A influência de Osho

Gabriel Reis

Um dos componentes mais importantes das comunidades alternativas é o espiritual. Em todas elas há algum tipo de influência mística que une as pessoas que buscam a expansão da consciência. O Santo Daime, por exemplo, costuma ser uma prática aglutinadora de alguns grupos. A meditação transcendental é outra. Em Piracanga, segue-se a técnica do reiki, em que se manipula a energia vital universal pelas mãos, e também se exercita a leitura de aura.

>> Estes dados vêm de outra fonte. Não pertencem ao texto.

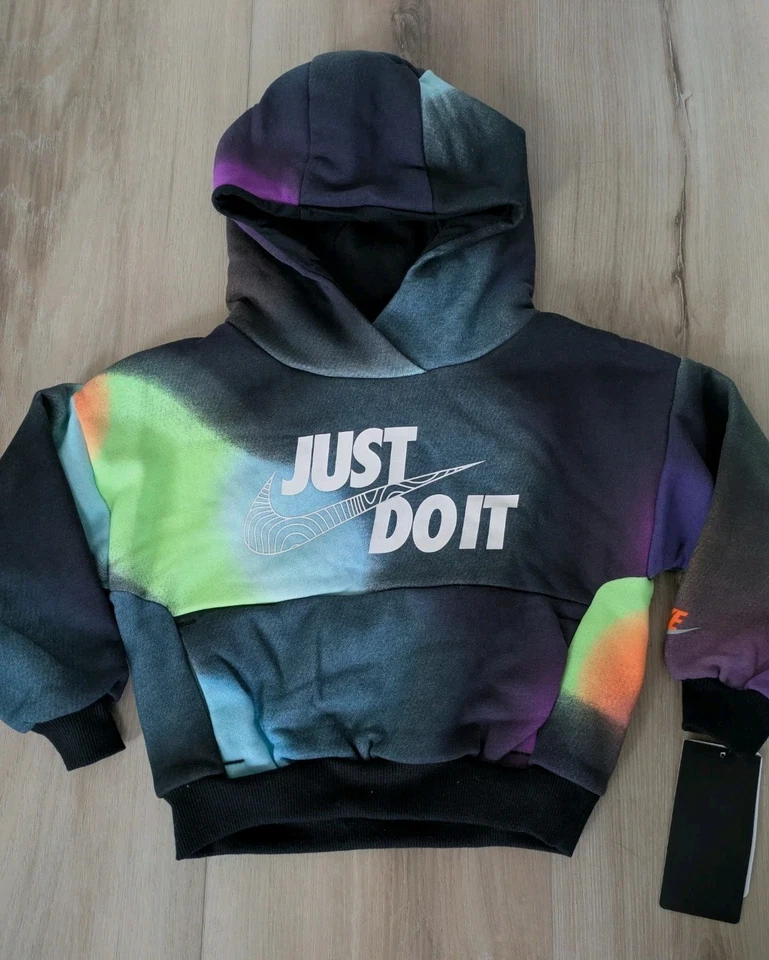 Nike Hoodie & Jogger Pants Set Boys Size 4 NWT Black/Multi Color  - Image 2 of 4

Em algumas comunidades ainda se pratica a meditação dinâmica do indiano Bhagwan Shree Rajneesh, o Osho. Osho pregava uma forma de meditação vigorosa e entusiasmada, que servia de caminho para a libertação espiritual. Notabilizou-se por liderar uma comunidade alternativa no estado de Oregon, nos Estados Unidos, cuja história está contada na série “Wild Wild Country”, da Netflix. A comunidade fracassou, entre outros motivos, por conta da dificuldade de integração com a sociedade local.

Mesmo assim, as técnicas de Osho resistem e ganham adeptos. No Brasil, há pelo menos 30 centros de meditação baseados nas ideias do guru. Eles oferecem programas terapêuticos e alguns funcionam como pequenas comunidades — em busca da utopia.